Попадание не в бровь, а в глаз. Не сомневаюсь, что формалисты были возмущены этой статьей — тем более, что они не могли не видеть правоты, точности такого соотнесения, такой культурной проекции. Но романтизм — он и есть глубинно эстетическое мировоззрение, коли он именно произведение искусства считает моделью мироздания: у них — у мироздания и произведения искусства — согласно романтикам, тождественная структура, один принцип строения. Формалисты избегали подобных соотнесений не потому, что они не догадывались о своей романтической типологии (они были люди культурные и всё это видели), и не потому, что они боялись таких соотнесений как доказательства их идеалистического происхождения: они были люди смелые, особенно Шкловский, так сказать, с рогатиной ходивший на медведя (он был участником боевой подпольной эсеровской группы); они просто-напросто хотели видеть себя учеными, создававшими точное знание, а не старомодными любомудрами, расплывающимися в метафизических туманах. Тут вопрос, однако, не в том, было ли формальное литературоведение наукой, — а в том, почему требовалось быть научными, какая аксиология стояла за этой потребностью, какая экзистенциальная проблема.

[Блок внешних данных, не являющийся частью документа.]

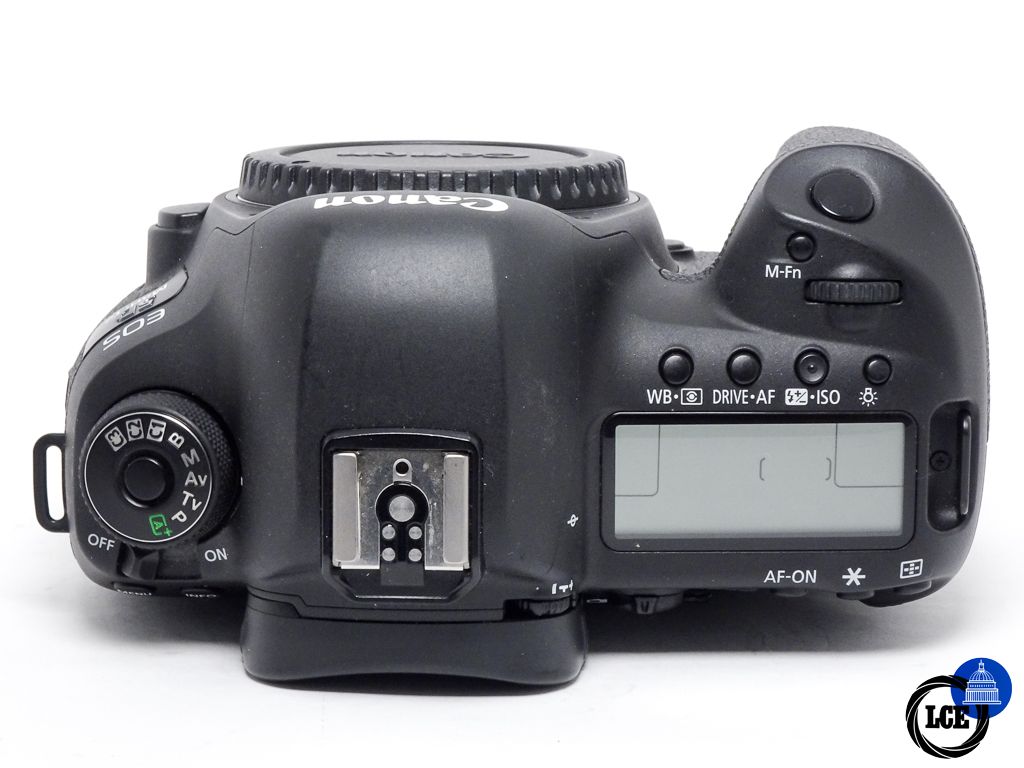 Canon EOS 5D IV body 6k SC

Дело в том, что формалисты хотели быть — и были! — людьми современными; а ведь недаром при упоминании слов «романтизм», «романтик» возникает образ кудрявого юноши с пышным бантом на шее. Можно, однако, отбросить эти визуальные ассоциации, просто вспомнив, что и в самом романтизме эта романтическая позиция осознавалась как недостаточная, просто ущербная. Как раз романтики, эти утонченнейшие и изощреннейшие знатоки и толкователи искусства, понимали, что все их разговоры об искусстве как модели бытия — разговорами и останутся, что такого рода знание не дает выхода в мир, но замыкает в кругу самого искусства, что и есть пресловутый эстетизм. Оскар Уайльд мог такой позицией удовлетворяться, но он-то был романтик уже второго если не сорта, то призыва, — декадент; а у подлинных, первоначальных романтиков (в основном немцев из Иенской школы) основополагающей аксиологической позицией был выход в мир, в деятельность, в реальное бытие, а не в его идеальные образы и модели. Из этого романтизма — в опосредовании Гегеля, конечно, — вышел в конечном счете марксизм! Тут Фауста скорее нужно поминать, а не рыцаря Тогенбурга.
В романтизме осознание границ собственной позиции нашло выражение в одном интеллектуальном построении, по существу ставившем крест на самом романтизме. Это знаменитая концепция так называемой романтической иронии. Процитируем знатока вопроса Берковского:
Романтический синтез тоже есть игра… Синтез — невсерьез, разум — иллюзия… Для молодого Шлегеля, как и для Канта и для Шиллера, эстетический разум логически недействителен. Фридрих Шлегель иронически трактует границы рассудка, и он же иронически относится к опытам перехода этих границ. Единственно реальная картина мира и для Шлегеля — это мир в разделении, рассыпавшийся на отдельные персонажи, с единственно правильной рассудочной формой мышления. Романтика есть не более чем ироническая надстройка над ним.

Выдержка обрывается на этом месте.